No seu primeiro dia, ciclofaixa em São Paulo atrai 9.200; ciclista divide espaço com pedestre, skatista e patinador

Apesar das orientações feitas por 130 monitores escalados pela CET, maioria dos frequentadores não respeitou faixa de pedestre


Letícia Moreira/Folha Imagem
Ciclistas cruzam faixa de pedestres na avenida Ibirapuera, durante percurso da ciclofaixa inagurada ontem em SP; alguns não desmontaram da bicicleta, o que fere o Código de Trânsito Brasileiro

ROBERTO DE OLIVEIRA
DA REVISTA DA FOLHA

Parecia que a orientadora de ciclistas Alessandra Andrade, 22, falava grego. Ninguém entendia muito bem o ela queria dizer ao repetir "travessia desmontado" aos paulistanos que foram experimentar o primeiro dia da ciclofaixa de São Paulo. Às 9h de ontem, duas horas depois da abertura do trajeto, na zona sul, ela estava rouca.
Quando não há travessia específica para ciclista, ele tem que atravessar desmontado, ou seja, deve descer da bicicleta e caminhar como pedestre.
Parece óbvio. "Mas nem todo mundo compreende", disse outro orientador, Marlon Moraes, 23, que manuseava uma bandeira de "Pare" e repetia a frase da colega. "Também precisa descer da bike porque nem todas as calçadas são rebaixadas. Muitas estão irregulares. O ciclista pode cair", complementou Alessandra.
Pouca gente dava ouvido. Até mesmo quem conduzia bicicletas em nome da organização desrespeitava a regra, prevista no Código de Trânsito Brasileiro. Cerca de 9.200 pessoas, entre ciclistas, skatistas e patinadores, passaram pelo trajeto de 5 km que liga os parques do Povo, Ibirapuera e das Bicicletas. Não foram registrados incidentes durante o funcionamento, das 7h às 12h, segundo informações da CET (Companhia de Engenharia de Tráfego).
Teve ainda quem pedalasse fora da ciclofaixa, principalmente no trecho entre as avenidas República do Líbano e Ibirapuera, em direção ao parque das Bicicletas. A justificativa foi o pouco tempo para atravessar a faixa de pedestres da República do Líbano.

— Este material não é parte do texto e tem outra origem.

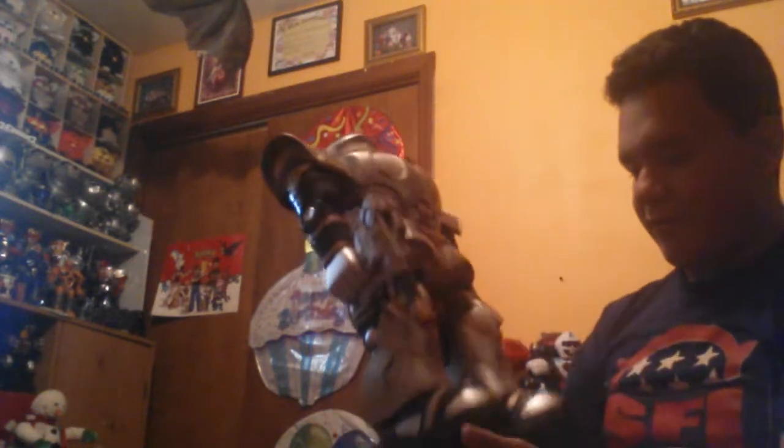Holy crap. Holy crap. This thing is huge. Whoa. So I was not expecting it to be this big, and it is really dirty.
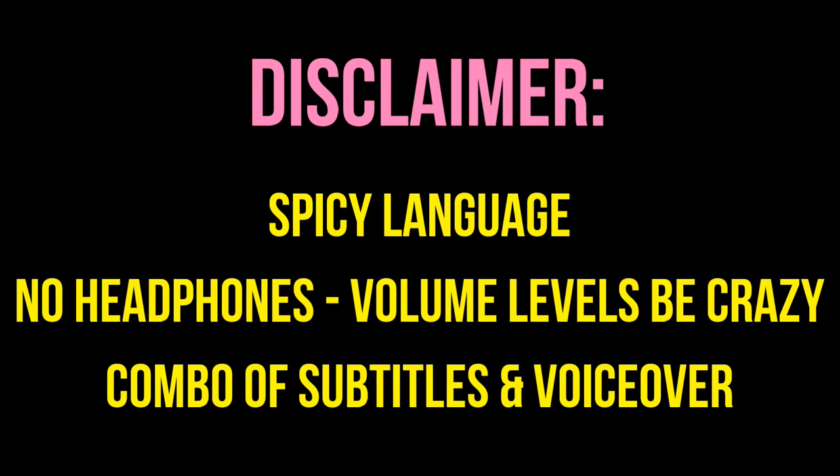Hello friends! Before I start this video, I just wanted to pop in a quick disclaimer. There is going to be a lot of foul language in this video. I tried initially censoring it, but there were way too many, so definitely don't watch this in front of anybody that you don't want to hear the bad language.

São apenas 12 segundos de sinal verde, conforme cronometrou a Folha, o que gerou (pode acreditar) engarrafamento de bike.
O problema continuou na calçada do parque. Pequenos adesivos colados em dois cavaletes tentavam informar a continuidade da ciclofaixa. Pedestres e ciclistas não sabiam que rumo tomar. "Isso aqui está confuso. Ainda mais com esse volume de bicicletas", criticou a arquiteta Andrea Spagna, 34.

CET reavalia
Durante três vezes, a reportagem tentou ouvir o secretário municipal dos Transportes, Alexandre de Moraes. Mas sua assessoria de imprensa escalou para falar o gerente de operações da CET, Sebastião Barbosa Muniz, 56. "Vamos fazer uma reavaliação nesta semana para aprimorar a operação."
Ontem, trabalharam na ciclofaixa 42 agentes da companhia e 130 monitores treinados para orientar os ciclistas.
"Quase segui direto e saí da ciclofaixa. Faltou indicação de conversão", disse o advogado Adolfo Machado, 55. Dono de uma bike projetada especialmente para superfícies planas, criticou a travessia desmontada em todo o trajeto. "Há trechos em que só passa bike."
Na entrada do parque do Povo, a estudante Gabriela Siqueira, 18, achou complicado compartilhar a calçada. "Se você for desviar de um pedestre, pode ir direto para a rua. É perigoso."
Há dois anos em São Paulo, a norte-americana Sarah Kemme, 49, respirava, enfim, aliviada. "É o começo, para educar as pessoas. Quando eu era criança, não havia faixa de bike nos EUA. Aqui, vai levar tempo."
Sarah e o marido Bill, 53, não têm carro. Para os dois, andar de bike durante a semana em São Paulo é "um pesadelo". "Ideal seria uma faixa permanente. Não só para recreação", diz ele. "Tomara que a bicicleta se torne uma alternativa de transporte", complementa ela.
Acompanhado da mulher, Cristina, 29, e do filho, Diego, 7, o administrador de empresas Glauco Carramillo, 37, definiu a ciclofaixa da seguinte forma: "É uma tentativa para o paulistano sair dos muros."